Die letzte Zeile des 1821 veröffentlichten Gedichts von Georg Philipp Schmidt von Lübeck wird oft zitiert, um die romantische Weltsicht zu beleuchten. Sie ist vor allem in der Vertonung durch Franz Schubert unter dem Titel Der Wanderer bekannt geworden und steht in den geläufigen Deutungen für die Unvereinbarkeit des romantischen Ichs mit der Alltagswirklichkeit (Ich bin ein Fremdling überall), der Sehnsucht nach einem Land, in dem Träume Wirklichkeit werden.
Depressive denken während der Arbeit mit Kummer daran, dass sie bei schönstem Wetter am Schreibtisch sitzen und sich mit fremdbestimmten Aufgaben quälen müssen. Wenn sie endlich das tun, wovon sie während der Arbeit geträumt haben, etwa auf einer Parkbank zu sitzen und sich die Sonne ins Gesicht scheinen zu lassen – dann quälen sie sich mit Selbstvorwürfen, dass sie jetzt faulenzen, statt zu arbeiten.
Das melancholische Lebensgefühl, in dem aus dem Unbewussten auftauchende Stimmungen und Gedanken den unbefangenen Genuss der Gegenwart erschweren, ist in der antiken Medizin mit einem Übermaß schwarzer Galle verbunden worden. In der von der Pharmaindustrie geprägten Psychiatrie der Gegenwart hat vielfach ein genetisch bedingter Mangel an Serotonin diese Rolle übernommen. Beide Erklärungen entlasten das Ich von einem Rätsel: »Ich bin gesund, habe eine liebende Frau und wohlgeratene Kinder, einen sicheren Beruf – und bin dennoch unglücklich, kann mich nicht freuen, denke an Selbstmord.«
Kulturwissenschaftliche und psychologische Aspekte zur Depression haben es gegenwärtig schwer, sich zu behaupten. Das ist im Grunde nicht verwunderlich. Wer selbst depressiv ist oder Depressionen erforscht, steht wie in der alten Allegorie über Tugend und Laster an einem Scheideweg. Die eine Straße ist breit und bequem, die andere steil, unübersichtlich und mühevoll. Die neurobiologischen Hypothesen entlasten die Kranken ebenso wie ihre Ärzte und fördern den Umsatz einer mächtigen Industrie. Freilich reduzieren sie auch die Möglichkeiten, die Inszenierung des Kummers und seine Wurzeln in Familie, Biografie und Gesellschaft freizulegen.
In der Allegorie führt der breite, bequeme Weg in die Hölle, der steile und schwierige ins Paradies. Seit wir nicht mehr an solche Jenseitswelten glauben, scheint weniger denn je gegen breite und bequeme Wege zu sprechen. Aber das hat Menschen noch nie daran gehindert, klettern zu gehen, statt mit der Seilbahn zu fahren. In diesem Sinn wird hier versucht, das Geheimnis der Depression zu entschlüsseln.

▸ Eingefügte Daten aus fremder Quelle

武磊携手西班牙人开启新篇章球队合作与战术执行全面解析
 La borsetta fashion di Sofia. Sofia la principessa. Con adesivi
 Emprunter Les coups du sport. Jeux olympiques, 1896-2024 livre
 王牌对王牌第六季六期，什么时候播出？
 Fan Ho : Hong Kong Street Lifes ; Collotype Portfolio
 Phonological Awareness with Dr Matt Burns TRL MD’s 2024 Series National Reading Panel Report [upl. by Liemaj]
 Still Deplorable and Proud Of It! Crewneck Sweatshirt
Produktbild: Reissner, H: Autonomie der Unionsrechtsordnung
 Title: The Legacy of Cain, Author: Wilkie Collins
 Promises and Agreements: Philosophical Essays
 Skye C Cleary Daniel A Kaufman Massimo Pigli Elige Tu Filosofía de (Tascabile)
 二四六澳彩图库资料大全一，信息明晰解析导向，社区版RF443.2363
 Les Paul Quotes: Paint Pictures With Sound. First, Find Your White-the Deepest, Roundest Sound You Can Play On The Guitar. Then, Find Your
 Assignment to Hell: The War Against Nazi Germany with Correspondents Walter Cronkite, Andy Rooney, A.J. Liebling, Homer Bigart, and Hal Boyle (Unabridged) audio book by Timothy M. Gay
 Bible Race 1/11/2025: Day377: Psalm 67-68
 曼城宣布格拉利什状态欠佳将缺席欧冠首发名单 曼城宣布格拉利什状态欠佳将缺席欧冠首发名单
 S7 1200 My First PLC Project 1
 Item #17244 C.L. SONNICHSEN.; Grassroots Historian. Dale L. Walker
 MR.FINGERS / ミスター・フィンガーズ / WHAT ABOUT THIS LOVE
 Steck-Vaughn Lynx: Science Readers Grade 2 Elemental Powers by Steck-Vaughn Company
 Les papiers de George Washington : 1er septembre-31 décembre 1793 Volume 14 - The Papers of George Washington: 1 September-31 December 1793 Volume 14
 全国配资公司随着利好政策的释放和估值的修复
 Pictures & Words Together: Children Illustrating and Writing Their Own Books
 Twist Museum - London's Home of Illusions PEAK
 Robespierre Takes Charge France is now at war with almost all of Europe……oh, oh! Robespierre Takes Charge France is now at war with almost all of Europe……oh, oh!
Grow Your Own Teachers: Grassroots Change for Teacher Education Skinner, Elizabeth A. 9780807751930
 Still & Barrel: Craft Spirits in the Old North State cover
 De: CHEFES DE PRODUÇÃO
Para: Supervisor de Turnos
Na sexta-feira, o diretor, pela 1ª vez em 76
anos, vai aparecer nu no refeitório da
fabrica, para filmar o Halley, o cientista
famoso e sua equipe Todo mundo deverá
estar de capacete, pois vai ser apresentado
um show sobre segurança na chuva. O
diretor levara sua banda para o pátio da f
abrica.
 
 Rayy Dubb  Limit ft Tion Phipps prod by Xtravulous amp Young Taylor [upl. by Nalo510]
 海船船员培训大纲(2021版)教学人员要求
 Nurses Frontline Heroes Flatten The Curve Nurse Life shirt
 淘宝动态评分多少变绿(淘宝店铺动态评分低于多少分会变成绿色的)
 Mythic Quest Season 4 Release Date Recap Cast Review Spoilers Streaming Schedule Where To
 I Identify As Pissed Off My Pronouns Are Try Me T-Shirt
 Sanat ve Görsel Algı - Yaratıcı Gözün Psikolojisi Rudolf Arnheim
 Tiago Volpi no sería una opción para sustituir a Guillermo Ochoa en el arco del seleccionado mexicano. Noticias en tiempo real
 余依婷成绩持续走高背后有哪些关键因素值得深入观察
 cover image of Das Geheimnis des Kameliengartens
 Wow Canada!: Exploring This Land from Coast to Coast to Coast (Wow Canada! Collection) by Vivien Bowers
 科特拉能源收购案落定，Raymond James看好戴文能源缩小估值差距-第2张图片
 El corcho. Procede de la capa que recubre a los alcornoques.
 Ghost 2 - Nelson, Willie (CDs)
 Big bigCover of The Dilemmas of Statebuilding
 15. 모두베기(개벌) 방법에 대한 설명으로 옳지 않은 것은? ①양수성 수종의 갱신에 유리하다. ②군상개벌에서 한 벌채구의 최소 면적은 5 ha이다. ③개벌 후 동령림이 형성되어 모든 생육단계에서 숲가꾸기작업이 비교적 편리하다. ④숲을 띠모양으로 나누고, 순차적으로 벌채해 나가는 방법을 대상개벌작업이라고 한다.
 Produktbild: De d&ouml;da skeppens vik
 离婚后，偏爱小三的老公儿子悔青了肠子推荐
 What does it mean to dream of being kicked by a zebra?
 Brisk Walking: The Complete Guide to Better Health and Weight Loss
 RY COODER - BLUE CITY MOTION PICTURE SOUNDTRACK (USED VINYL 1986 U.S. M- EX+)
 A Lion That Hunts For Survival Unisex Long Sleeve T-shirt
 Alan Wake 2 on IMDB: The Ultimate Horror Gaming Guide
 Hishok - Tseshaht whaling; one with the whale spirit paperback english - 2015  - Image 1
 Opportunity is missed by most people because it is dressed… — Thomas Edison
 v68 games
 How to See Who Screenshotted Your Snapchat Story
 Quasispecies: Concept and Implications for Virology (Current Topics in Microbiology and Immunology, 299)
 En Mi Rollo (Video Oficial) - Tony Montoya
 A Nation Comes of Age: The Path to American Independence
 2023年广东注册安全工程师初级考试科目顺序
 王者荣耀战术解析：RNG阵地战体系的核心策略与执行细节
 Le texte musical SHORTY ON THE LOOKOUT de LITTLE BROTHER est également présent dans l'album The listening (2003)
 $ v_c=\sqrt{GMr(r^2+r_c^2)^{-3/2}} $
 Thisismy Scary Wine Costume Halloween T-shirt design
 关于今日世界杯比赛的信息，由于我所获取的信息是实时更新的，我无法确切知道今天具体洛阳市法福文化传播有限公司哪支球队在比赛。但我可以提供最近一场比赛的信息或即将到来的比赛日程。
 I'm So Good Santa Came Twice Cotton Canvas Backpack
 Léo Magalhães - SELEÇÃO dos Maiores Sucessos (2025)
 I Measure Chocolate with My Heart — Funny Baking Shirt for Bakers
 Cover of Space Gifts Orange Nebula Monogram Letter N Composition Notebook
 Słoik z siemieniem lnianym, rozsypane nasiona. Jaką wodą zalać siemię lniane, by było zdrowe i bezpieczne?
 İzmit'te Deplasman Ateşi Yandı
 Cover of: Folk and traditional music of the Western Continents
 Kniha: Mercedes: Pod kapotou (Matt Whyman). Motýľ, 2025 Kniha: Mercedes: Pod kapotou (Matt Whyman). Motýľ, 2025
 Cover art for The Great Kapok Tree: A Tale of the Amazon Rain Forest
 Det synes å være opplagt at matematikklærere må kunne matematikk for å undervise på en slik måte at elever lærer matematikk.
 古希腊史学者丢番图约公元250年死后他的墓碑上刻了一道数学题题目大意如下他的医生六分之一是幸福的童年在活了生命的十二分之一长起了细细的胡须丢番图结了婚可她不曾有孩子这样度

Ich beginne mit einer Geschichte, die den Einbruch einer Depression in das Leben einer Siebenjährigen beleuchtet. Sie hatte die Mutter um Erlaubnis gebeten, einen Jahrmarkt zu besuchen, der in ihrem Heimatort veranstaltet wurde. Dort sah sie am Geschäft eines Schaustellers zum ersten Mal in ihrem Leben eine mechanische Orgel in vollem Betrieb. Der Eindruck war überwältigend. Eine wunderbare, den ganzen Körper durchdringende, rhythmische Musik griff nach ihr und wie eine Geisterhand in sie hinein. Dazu kam noch das Schauspiel von silbern glänzenden Figuren, die im Takt des Schmetterns der Pfeifen auf kleine Trommeln und Tamburine schlugen. Die Siebenjährige war begeistert, sie versank in den Anblick, ließ sich mitreißen, von Entzücken erfüllt.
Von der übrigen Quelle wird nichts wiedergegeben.